The billboard stands on a rise overlooking Sunset Boulevard on the Strip near King's Road; close by a teenie-bopper discothèque called Spectrum 2000 that once was glamorous Ciro's. But we tear down our past and convert it to the needs of the moment. The billboard will come down. When the film ends its first run at the Egyptian and opens in neighborhood theaters and drive-ins near you.

At which point even that monument to Valerie Lone will have been removed, and almost all of us can proceed to forget. Almost all of us, but not all. I've got to remember ... my name is Fred Handy. I'm responsible for that billboard. Which makes me a singular man, believe me.

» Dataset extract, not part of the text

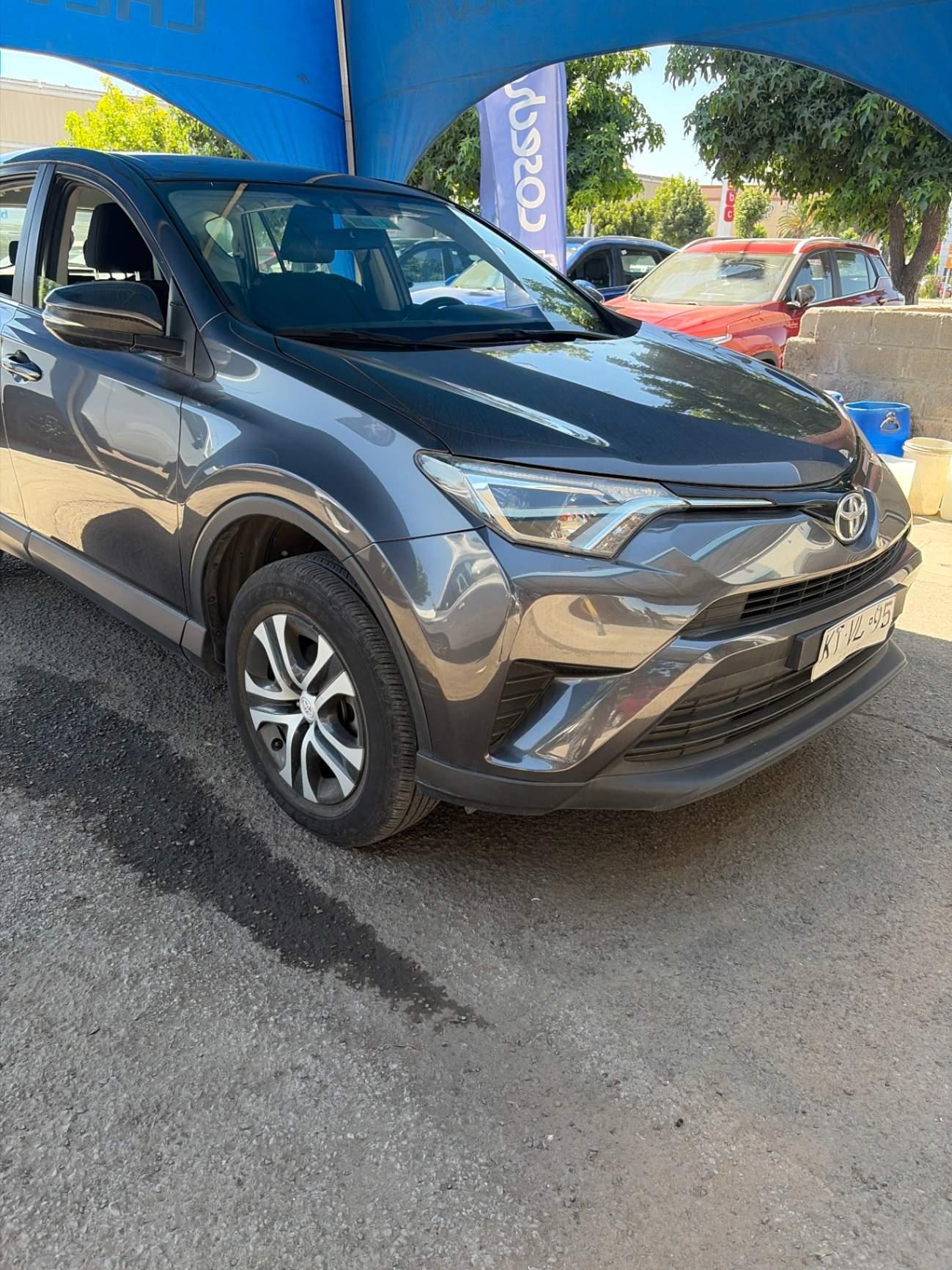 Station Wagon Toyota Rav 4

After all, there are so few men who have erected monuments to the objects of their homicide.

1

 

They came out of the darkness that was a tunnel with a highway at the bottom of it. The headlights were animal eyes miles away down the flat roadbed, and slowly slowly the sound of the engine grew across the emptiness on both sides of the concrete. California desert night, heat of the long day sunk just below the surface of the land, and a car, ponderous, plunging, straight out of nowhere along a white centerline. Gophers and rabbits bounded across the deadly open road and were gone forever.

Inside the limousine men dozed in jump seats and far in the rear two bull-necked cameramen discussed the day's work. Beside the driver, Fred Handy stared straight ahead at the endless stretch of State Highway 14 out of Mojave. He had been under the influence of road hypnosis for the better part of twenty minutes, and did not know it. The voice from the secondary seats behind him jarred him back to awareness. It was Kencannon.

"Jim, how long till we hit Lancaster or Palmdale?"

The driver craned his head back and slightly to the side, awkwardly, like some big bird, keeping his eyes on the road. "Maybe another twenty, twenty-five miles, Mr. K'ncannon. That was Rosamond we passed little while ago."

"Let's stop and eat at the first clean place we see," the director said, thumbing his eyes to remove the sleep from them. "I'm starving."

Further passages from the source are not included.